Since evacuated tube collectors are, by necessity, a closed system inside their collector box, many of them use a neat technological idea called a heat pipe. Instead of simply passing the gathered heat out along a piece of metal to the manifold (and thence to the storage tank to heat your water), they use a two-stage approach.
Each evacuated tube in the collector contains a hollow tube which is partly filled with fluid – water, an alcohol/water mix, ammonia or some other proprietary mix are all used. A vacuum is created within that tube and it is sealed. This causes the liquid's vaporization point to be reduced (the laws of physics demand it), which means that the liquid will turn into a gas when it gets heated. Why is this important? Because when a liquid turns into a gas it absorbs an enormous amount of energy to fuel the transition – so when the transfer medium inside those heat pipes warms up under the sun, it'll vaporize and absorb a lot more of the sun's power for extra efficiency! Even better, when the gas turns back into a liquid, it releases that extra energy. So when the vaporized transfer medium rises to the manifold, hits the heat exchanger and cools down, it turns back into a liquid and releases a ton of extra heat to the solar fluid before dropping back into the evacuated tube. That heat then gets carried off to the storage tank and warms your water.

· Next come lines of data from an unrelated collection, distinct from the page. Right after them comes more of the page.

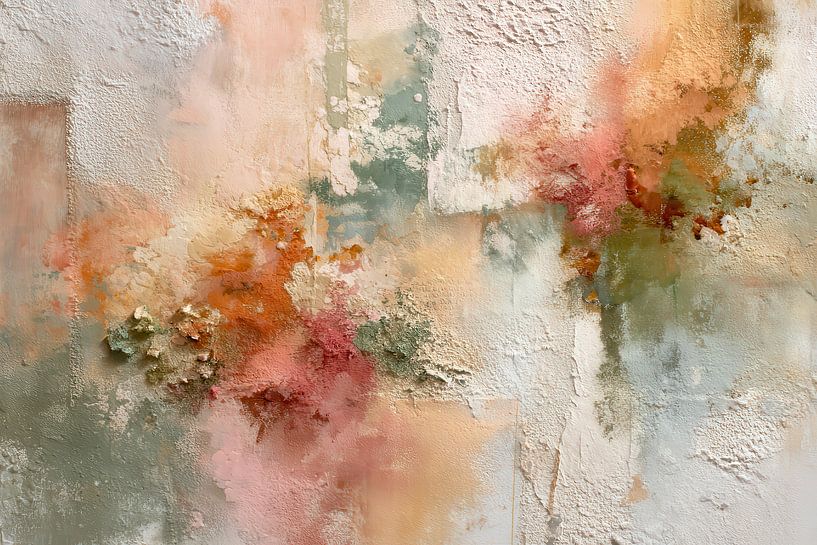 Orange Pink Abstract - Soft Organic Painting by Joriali Abstract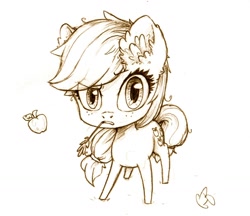 Size: 1024x884 | Tagged: safe, artist:geneticbattalion, imported from derpibooru, applejack, chibi, ear fluff, female, grayscale, monochrome, solo, straw, traditional art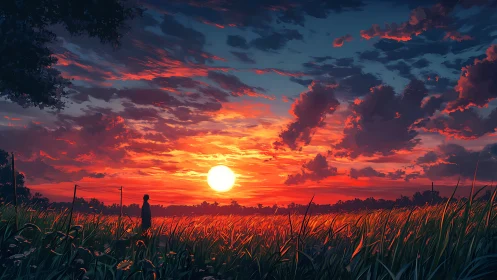 Low-angle field sunset with silhouetted figure and high-contrast sky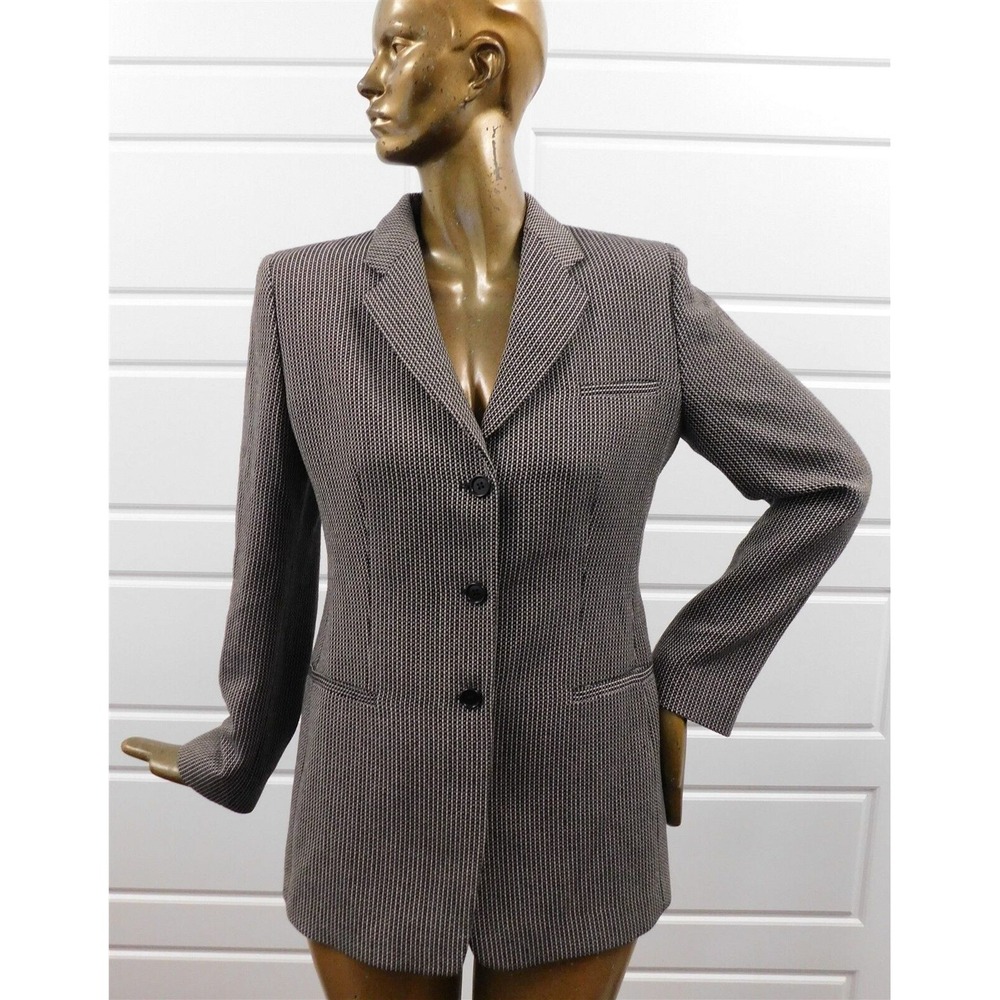 Armani Collezioni Beige Brown Weave Wool Jacket Blazer Italy sz 12‎
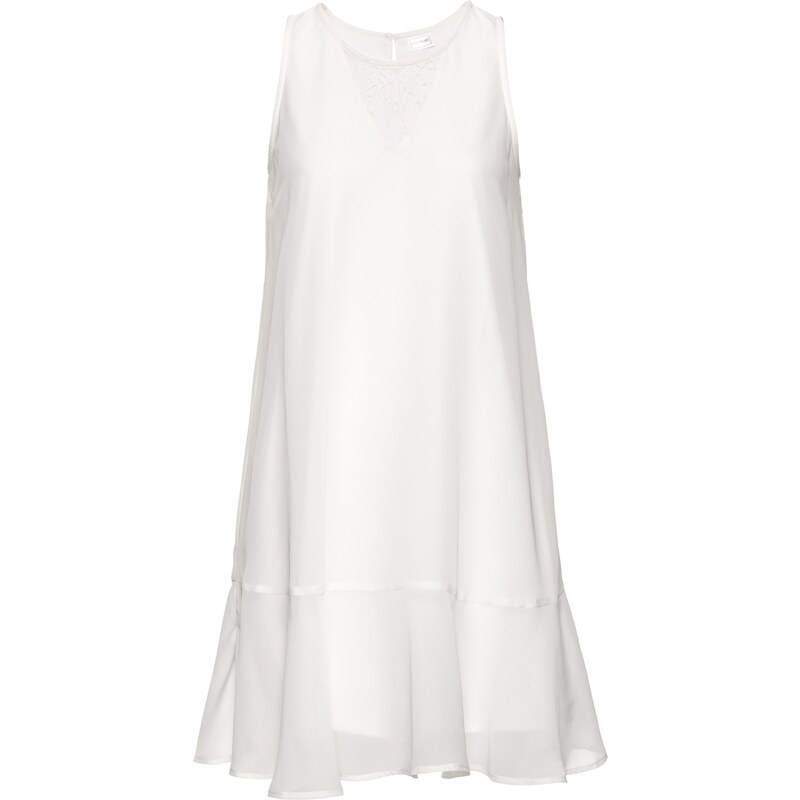 BODYFLIRT Bonprix - robe d'été Robe à empiècement dentelle blanc sans manches pour femme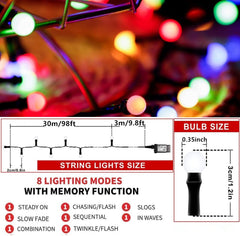 300 LED Multi-Colored Outdoor Christmas Globe String Lights, 105ft, 8 Modes, ... 07FC0E-D4 - KOEEK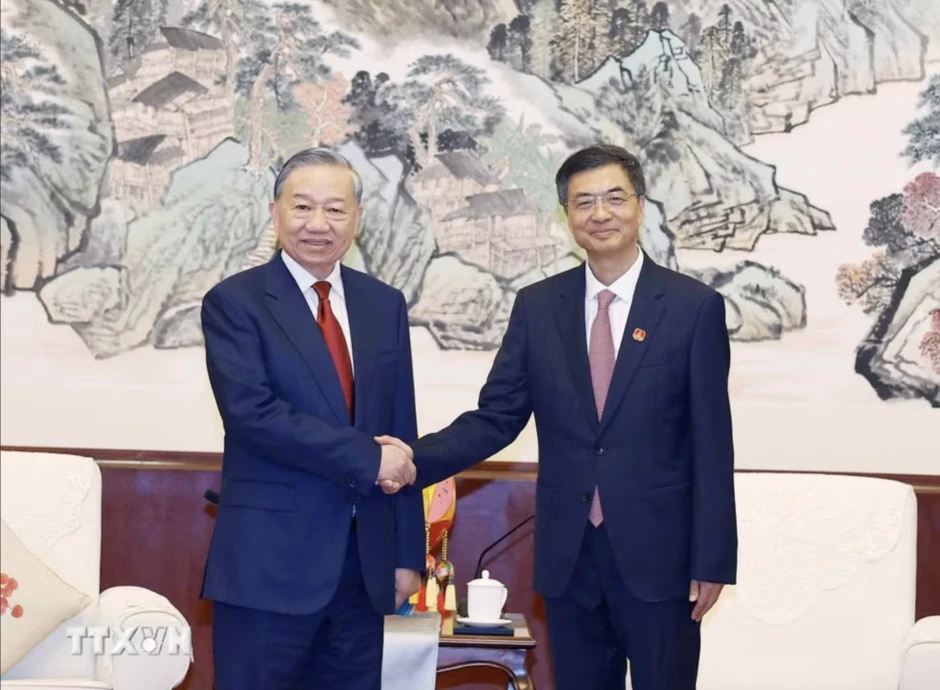 Tổng Bí thư, Chủ tịch nước Tô Lâm tiếp Bí thư Quảng Tây Trần Cương Tổng Bí thư, Chủ tịch nước Tô Lâm tiếp Bí thư Quảng Tây Trần Cương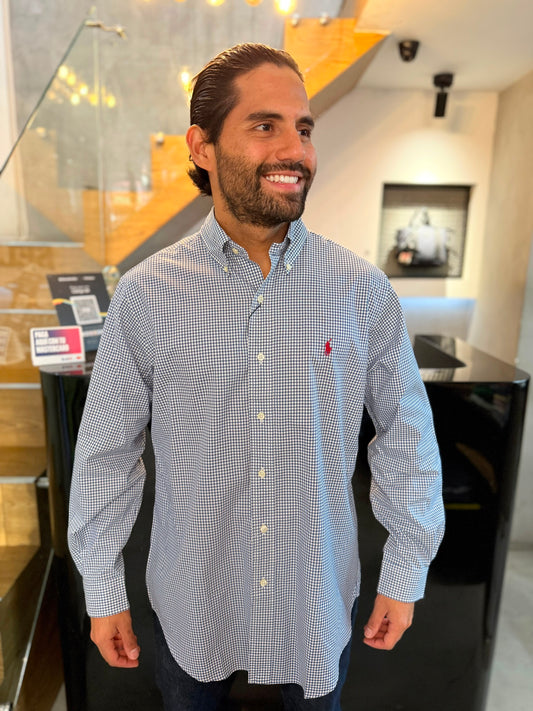 Camisa Polo R.L hombre Algodón Cuadros Azules Con Blanco Caballo Vino Tinto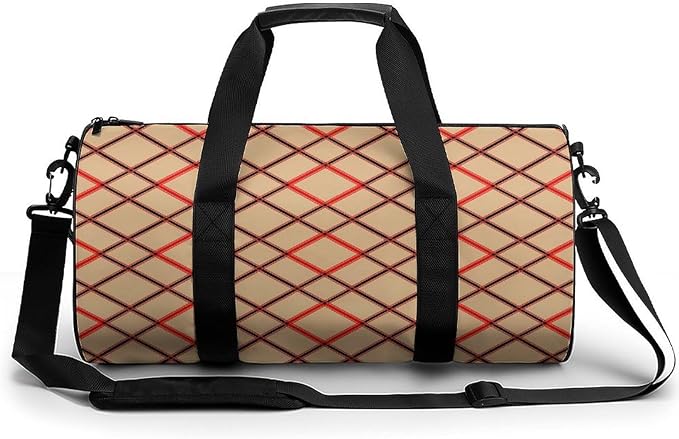Large Capacity Carry On Weekender Overnight Bag Black Red Beige And White Plaid Tartan Beach Swim Bags Men Women Duffle Bag for Travel, Sports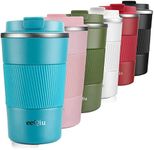 eeQiu Travel Mugs for hot Drinks with Leakproof Lid - 13oz Reusable Coffee Mug Stainless Steel Car Mug for Hot and Cold Coffee Milk and Tea (Blue)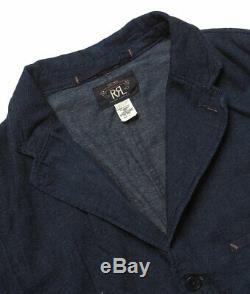 Polo Ralph Lauren Rrl Japonais Coton Lin Sportcoat Jacket Made In USA 790 $ +
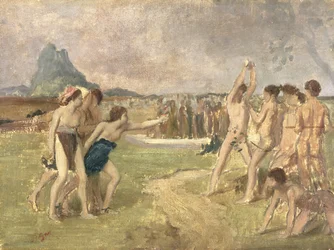 Study for The Young Spartans Exercising, 1860-61 körül (olaj, papír, a panelre szerelve) (lásd: 3354)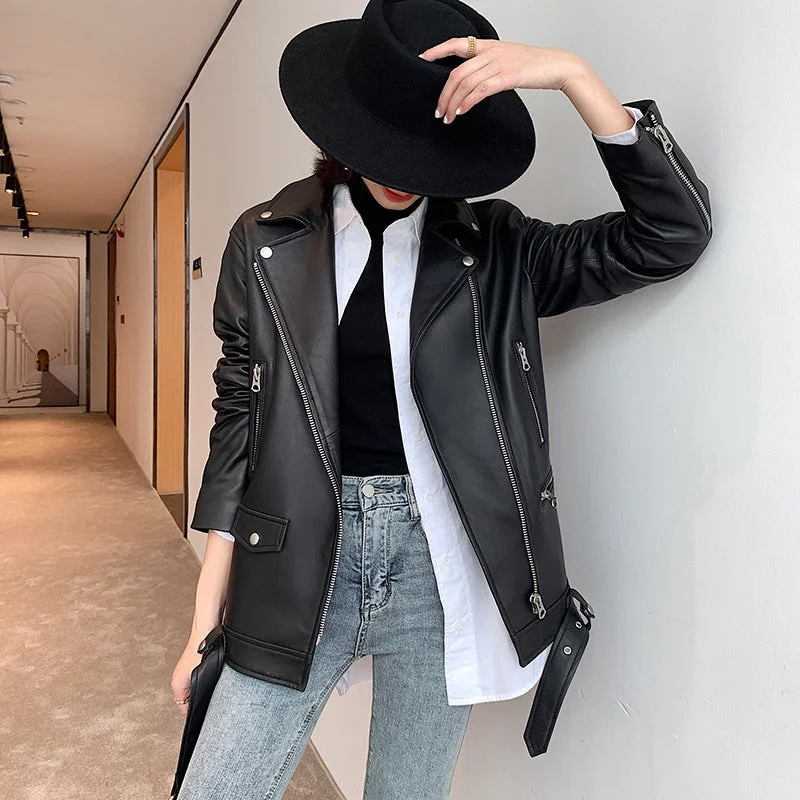 New Markdowns Women's Mid-length Sheepskin Loose Leather Leather Coat
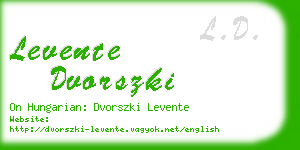 levente dvorszki business card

Some models that use heat pipes also include an automatic safety switch that changes shape when the pipes get too hot and cuts off any heat transfer to the solar fluid. This ensures that your solar thermal system doesn't get damaged.
If you're installing a system with heat pipes, remember to install the rack at an angle of at least 25 degrees, to ensure the fluid flows properly. It's important to note that heat pipes aren't used in all evacuated tube systems. Those that don't use them are called "direct flow" or "flow through" evacuated tubes and almost exclusively use two layers of glazing with a single, sealed end connecting them to the manifold. Their riser tubes come in at the sealed end, run down the absorber plate and back up the other side, exiting by the same end. It may seem odd but it means there's one less seal than if the riser passed straight through, which is one less thing to go wrong! Even though heat tubes are so efficient, direct flow systems are generally more efficient overall because the solar fluid gets right down inside the evacuated tubes, rather than depending on a tertiary heat exchange.